少し重いテーマに感じるかもしれませんが、大切な人との「今」を深く考える時間は、私たちにとってかけがえのないものとなるでしょう。
介護職として働いている皆さんは、「また明日ね」と笑顔で別れた利用者さんと、翌朝会えなくなってしまったという経験をされたことがあるかもしれません。あるいは、忙しさから「明日やるね」と言ったことが、翌日にはもう叶えられない約束になってしまっていた、ということもあるかもしれません。
当たり前のことですが、誰にでも「最後の時」は訪れます。しかし、それがいつなのかは誰にも分かりません。あなたが先に旅立つのか、大切な人が先に旅立つのか、それもまた誰にも予測できないことです。だからこそ、「今」を大切にすることが、何よりも重要なのです。
今回は、「今」を大切にすることの尊さを教えてくれる、『最後だとわかっていたなら』という詩を紹介したいと思います。この詩を読む際は、ぜひあなたの心の中にいる、お子さん、恋人、奥さん、旦那さん、兄弟、親、友人など、大切な人を思い浮かべながら読んでみてください。
この詩の作者は、アメリカ人女性のノーマ・コーネット・マレックさんです。彼女は、亡くなったご自身のお子さんを偲んで、この詩を書き上げました。
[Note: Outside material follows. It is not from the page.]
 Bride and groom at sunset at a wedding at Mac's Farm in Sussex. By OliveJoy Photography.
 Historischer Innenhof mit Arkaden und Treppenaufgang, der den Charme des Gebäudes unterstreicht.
その深い愛情と後悔、そして「もし、あの時こうしていれば」という切ない思いが、読む者の心に強く響きます。
あなたが眠りにつくのを見るのが最後だとわかっていたら
わたしはもっとちゃんとカバーをかけて 神様にその魂を守ってくださるように祈っただろう
あなたがドアを出ていくのを見るのが最後だとわかっていたら
わたしはあなたを抱きしめてキスをして そしてまたもう一度呼び寄せて抱きしめただろう
あなたが喜びに満ちた声をあげるのを聞くのが 最後だとわかっていたら
わたしはその一部始終をビデオにとって 毎日繰り返し見ただろう
あなたは言わなくても分かってくれていたかもしれないけど 最後だとわかっていたら
一言だけでもいい… 「あなたを愛している」とわたしは伝えただろう
たしかにいつも明日はやってくる
でも、もしそれがわたしの勘違いで今日で全てが終わるのだとしたら
わたしは今日どんなにあなたを愛しているか伝えたい
そしてわたしたちは忘れないようにしたい
若い人にも年老いた人にも 明日は誰にも約束されていないのだということを
愛する人を抱きしめられるのは 今日が最後になるかもしれないことを
「ごめんね」や「許してね」や「ありがとう」や「気にしないで」を伝える時を持とう
そうすればもし明日が来ないとしても あなたは今日後悔しないだろうから
この詩は、私たちに「今日」という時間の尊さを教えてくれます。私たちは往々にして、明日が来ることを当然のように思ってしまいます。しかし、明日が来ない可能性もゼロではありません。もしそうであったなら、私たちは今日、どれほどの後悔を抱くでしょうか。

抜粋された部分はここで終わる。